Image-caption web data
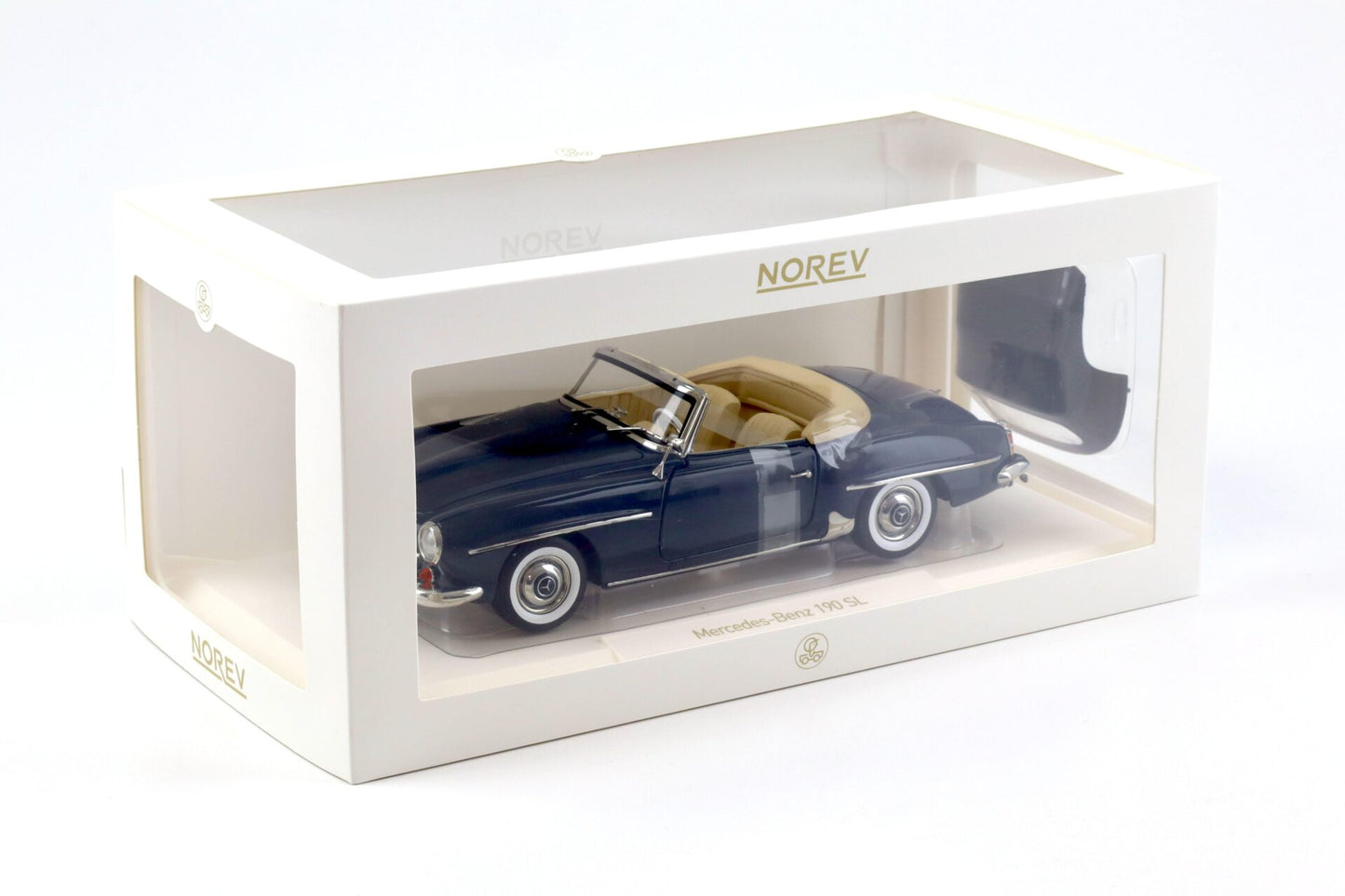 Mercedes-Benz 190 SL 1957 Middle blue - 1/18 Norev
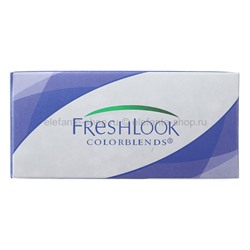 Контактные линзы FRESHLOOK COLORBLENDS (Glaze Black) Черные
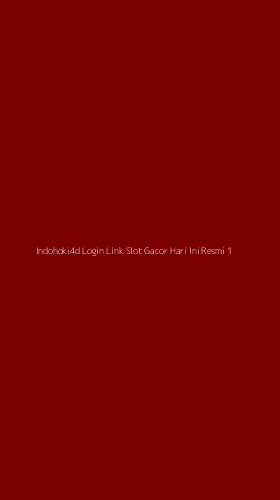 Tampilan Antarmuka Aplikasi Indohoki4d Login Link Slot Gacor Hari Ini Resmi - 1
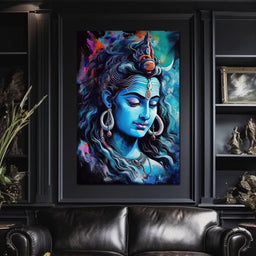 Lord Shiva's Contemplation - NicheCanvas
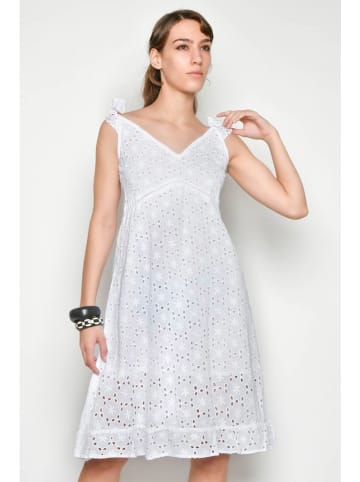 H.H.G. Kleid in Weiß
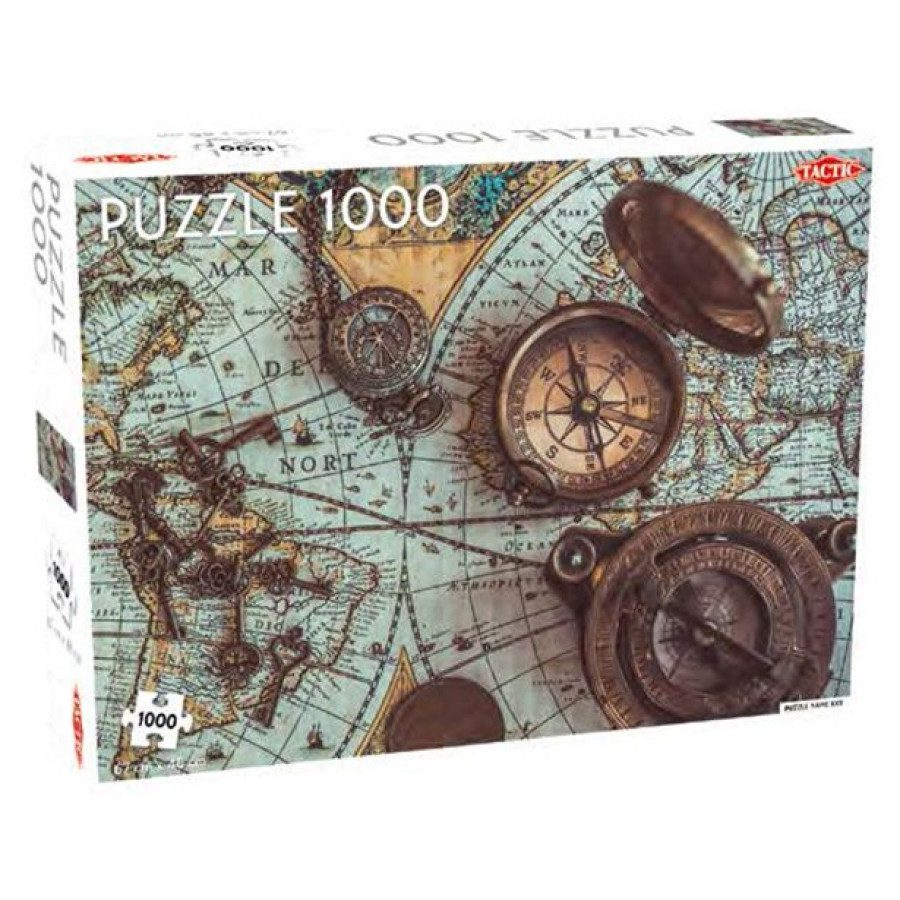 box art of Vintage Sea Map 1000 Pieces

About this task:
Write out the records shown above exactly, but do not include any images.

Answer section:
 Mercedes-Benz 190 SL 1957 Middle blue - 1/18 Norev
 Контактные линзы FRESHLOOK COLORBLENDS (Glaze Black) Черные
 Tampilan Antarmuka Aplikasi Indohoki4d Login Link Slot Gacor Hari Ini Resmi - 1
 Lord Shiva's Contemplation - NicheCanvas
 H.H.G. Kleid in Weiß
 box art of Vintage Sea Map 1000 Pieces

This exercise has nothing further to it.